DATASET EXTRACT:
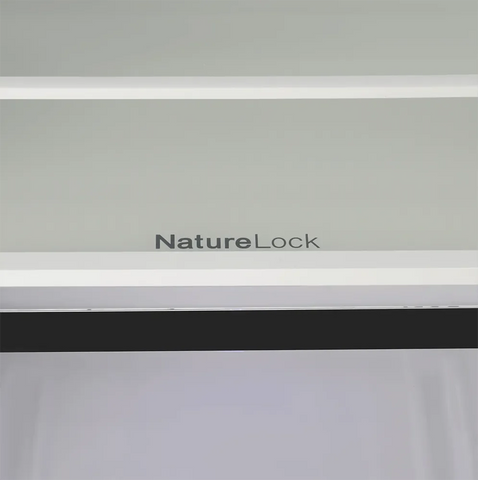 Dawlance 9173 Avante+ Cloud White Refrigerator – view 8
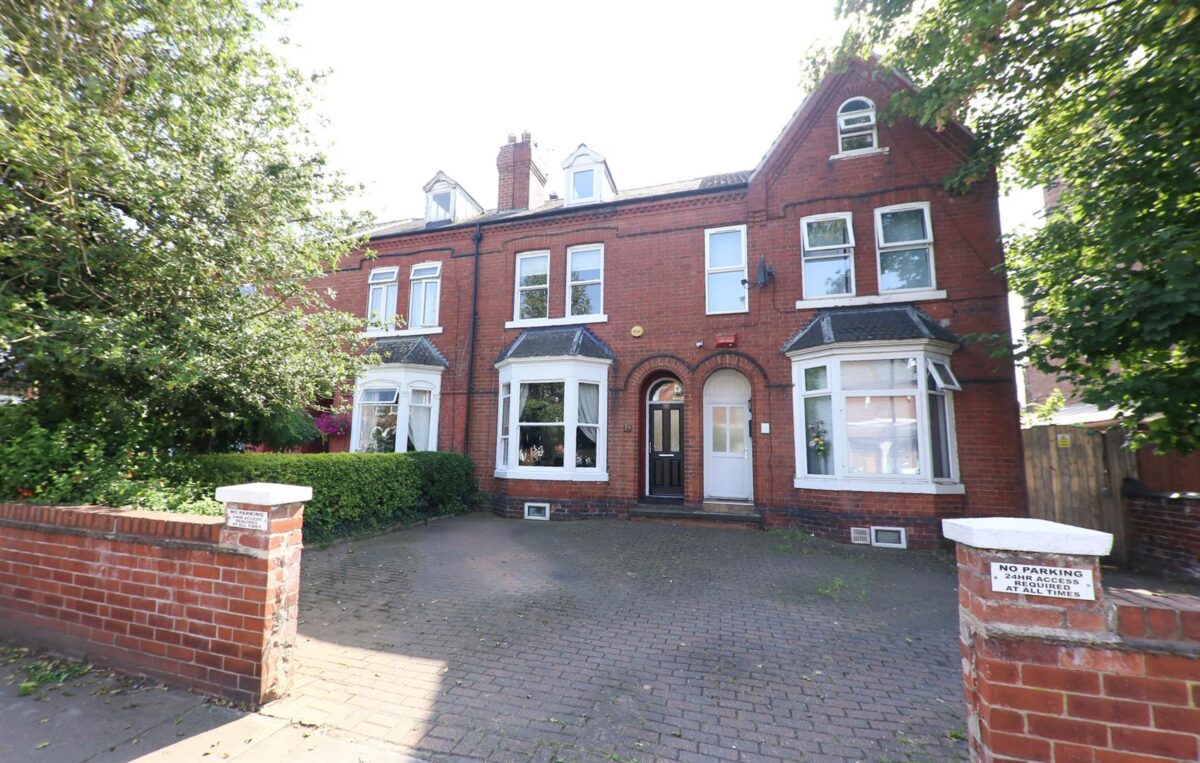 St. Marys Road, Doncaster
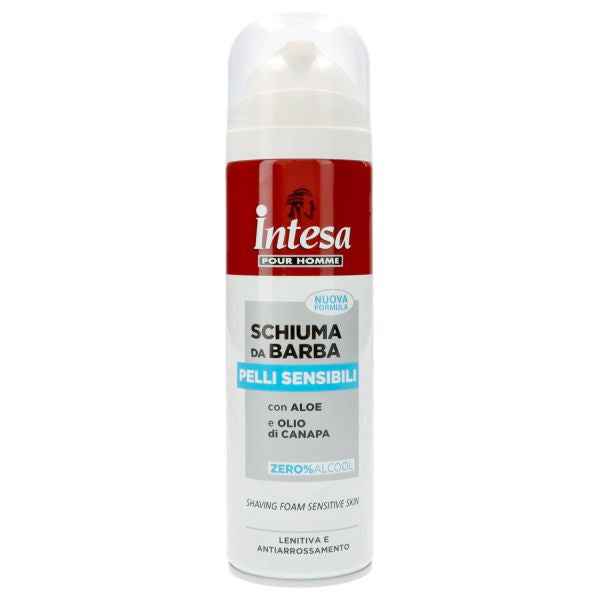Schiuma da Barba Dermoprotettiva Intesa con Vitacell Schiuma e Gel barba INTESA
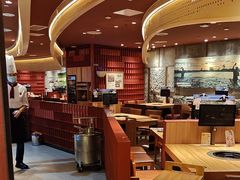 -巴奴毛肚火锅(龙湖锦艺城店)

WHAT THIS TASK INVOLVES: Take the listing above and retype it exactly. Its pictures are to be omitted.

WRITTEN REPLY:
 Dawlance 9173 Avante+ Cloud White Refrigerator – view 8
 St. Marys Road, Doncaster
Schiuma da Barba Dermoprotettiva Intesa con Vitacell Schiuma e Gel barba INTESA
 -巴奴毛肚火锅(龙湖锦艺城店)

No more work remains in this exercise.